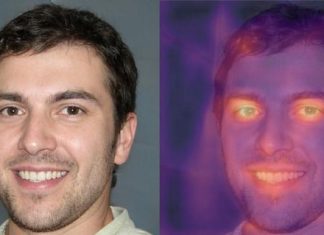 심각해지는 딥페이크(Deepfake)범죄, 가짜의 ‘현실화’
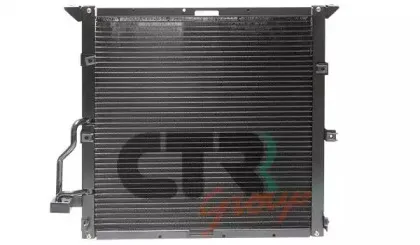 ctr-1223016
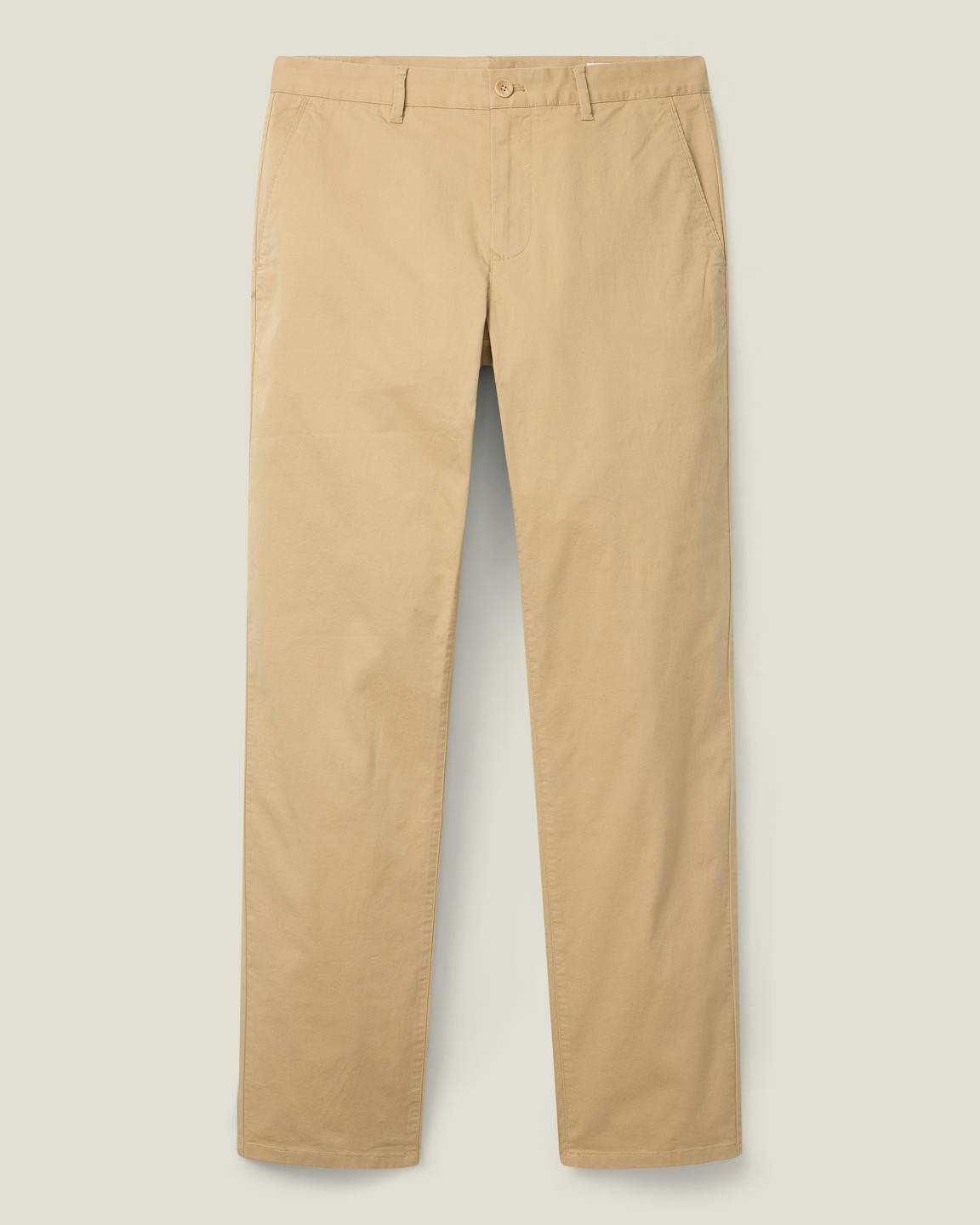 Bonobos Stretch Cotton Chino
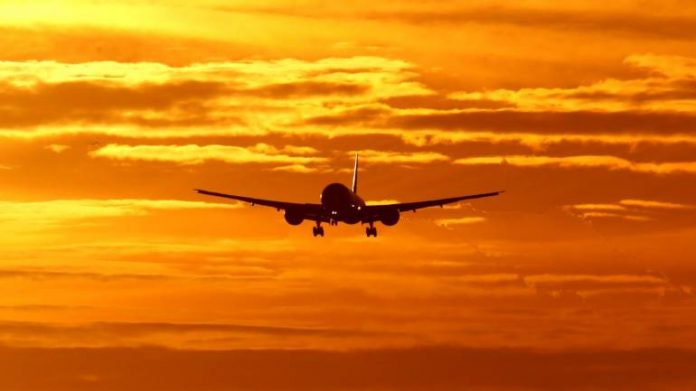 udan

------------------------------------------------

What you hand back should match the listing exactly, except that no pictures appear.

 심각해지는 딥페이크(Deepfake)범죄, 가짜의 ‘현실화’
 ctr-1223016
 Bonobos Stretch Cotton Chino
 udan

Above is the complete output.